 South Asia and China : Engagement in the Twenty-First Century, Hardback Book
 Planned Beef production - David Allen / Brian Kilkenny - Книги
* * *
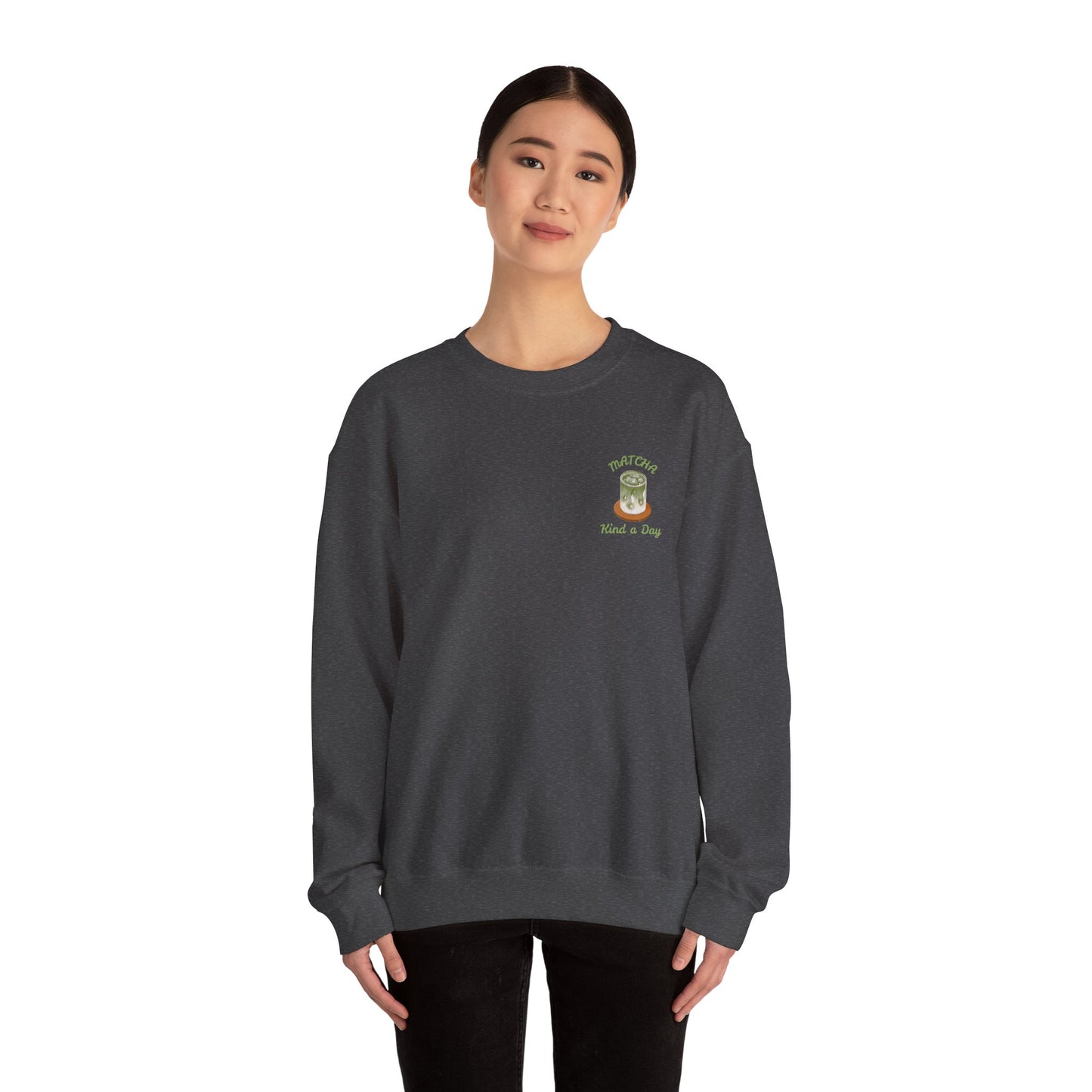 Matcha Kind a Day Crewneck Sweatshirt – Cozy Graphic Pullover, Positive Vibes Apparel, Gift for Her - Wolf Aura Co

- TASK TO CARRY OUT:
Give back precisely the lines above that start at the line containing "South Asia and" and end at the line containing "Planned Beef production", inclusive. No other lines belong in the output.

- TASK SOLUTION:
 South Asia and China : Engagement in the Twenty-First Century, Hardback Book
 Planned Beef production - David Allen / Brian Kilkenny - Книги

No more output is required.